Pursuant to the Guidance (FG24/3), the FCA’s expectations are that sustainability references should be:
- Correct and capable of being substantiated;
- Clear and presented in a way that can be understood;
- Complete – i.e. important information should not be omitted or hidden, and should consider the full life cycle of the product; and
- Fair and meaningful in their comparisons to other products.
The FCA have also published a consultation paper ‘Extending the SDR regime to Portfolio Management’. In this Consultation the FCA proposed extending the regime to those firms who perform portfolio management services. ‘Portfolio management services’ for this purpose includes managing investments (i.e. with discretion) or advising on investments or managing investments on a recurring or ongoing basis. However, given that the proposed scope “…does not include services where the clients are based overseas (i.e., those that either normally reside outside of the UK or have their registered office (or head office) outside of the UK). It also does not include portfolio management provided to a client that is a fund, or an Alternative Investment Fund Manager or management company for or on behalf of a fund (i.e., where the portfolio manager acts as a delegate)…” we have not explored this development in detail in this edition, but suffice it to say that the requirements largely mirror those introduced for asset managers in November 2023.

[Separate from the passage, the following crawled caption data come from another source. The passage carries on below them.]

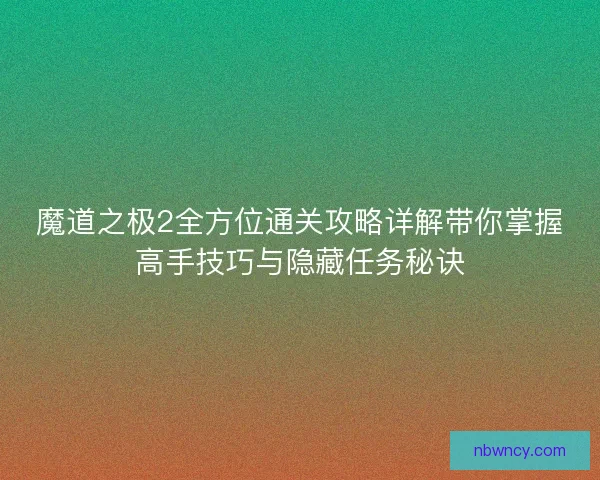 魔道之极2全方位通关攻略详解带你掌握高手技巧与隐藏任务秘诀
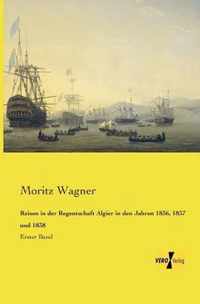 Reisen in der Regentschaft Algier in den Jahren 1836, 1837 und 1838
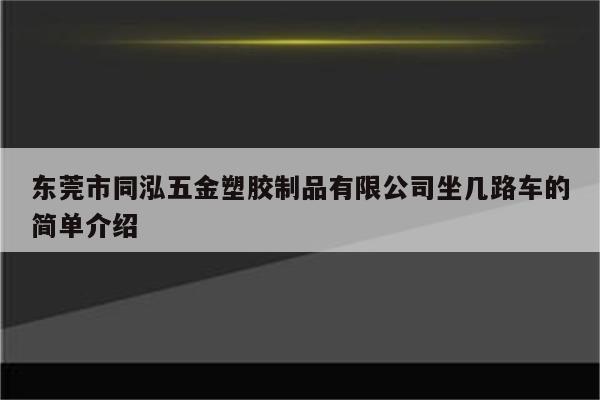 东莞市同泓五金塑胶制品有限公司坐几路车的简单介绍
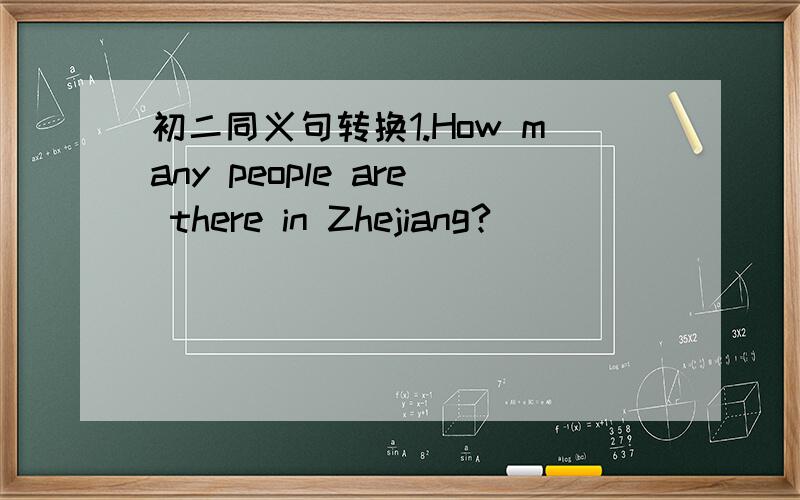 初二同义句转换1.How many people are there in Zhejiang?_______ _____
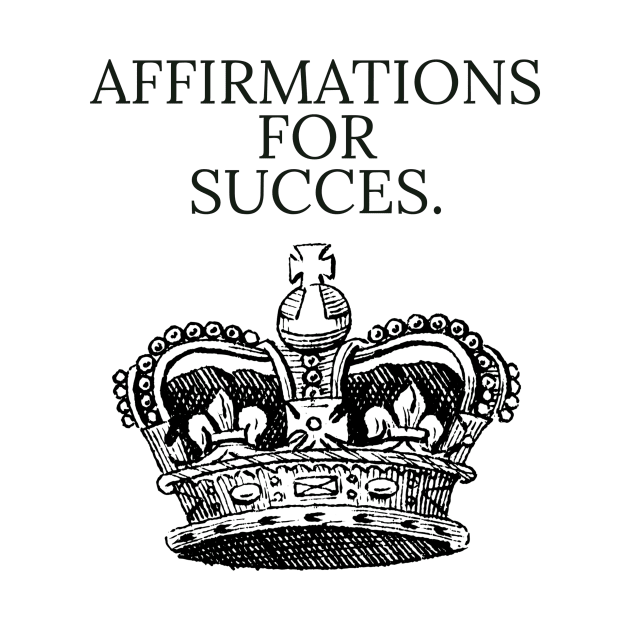 AFFIRMATIONS FOR SUCCES / CROWN DESIGNS by LetMeBeFree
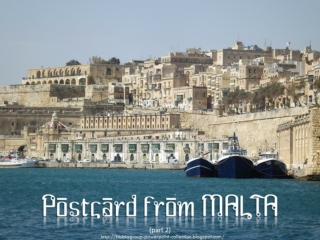 Postcard from MALTA (part 2)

What next? Make sure marketing material has been reviewed for compliance with the new rule. This includes websites, pitch books, investor newsletters, DDQs etc
In other news –
Financial Crime Guide:
The FCA are proposing to update their Financial Crime Guide update with a focus ensuring robust and appropriate on governance arrangements within regulated firms to mitigate financial crime risk. This includes encompassing senior management accountability and oversight of outsourced functions. The updated guidance will also include the significance of transaction monitoring as a fundamental and necessary control.
What next? More to come on this from us and its impact once the FCA publish their amended text.
Financial Resilience Survey
Finally, the FCA’s financial resilience survey, pulled together nearly 14,000 responses (as of November 2023). including 1660 responses from the buy side, including alternatives and asset management firms.
Among other statistics, buy side firms reported the highest:
- Expected cash inflows (median) at c. £700k, and the highest estimated cash needs at c. £526k based on forward looking estimated for a three-month period. This led to the highest expected cash inflows less estimated cash needs (at approximately £185k)1;
- Net profit (median firm) at c. £95k2;
- Median revenue at just under £3m.
Buy side firms also had the second highest total liquidity resources (median) at c. £1m3.
Buy side firms had the second lowest percentage of firms that have negotiated extensions with creditors or delayed payments and reported the lowest take up of government backed loan schemes.
Overall, 74% of buy side firms taking part were profitable, based upon their P&L for the three months ending 29thSeptember, against a backdrop of 80% of all respondents across sectors being profitable. However, around 16% of asset management respondents expected reduced profits, with the majority of firms (approximately 57%) expecting decreases of between 1-25%.
Finally, buy side firms were, generally, neutral as to the impact of the macroeconomic environment at the time of the survey (c. 78% of respondents), with 20% feeling negative – though negative, neutral, and positive are inherently subjective – broadly agreeing to the overall all respondent consensus (72% and approximately 24% respectively).
What next? Thankfully, no actions required, but we thought it might be interesting food for thought, and perhaps something that the FCA will take as evidence that the AIFMD, MiFID and (maligned) Investment Firm Prudential Regimes are working effectively.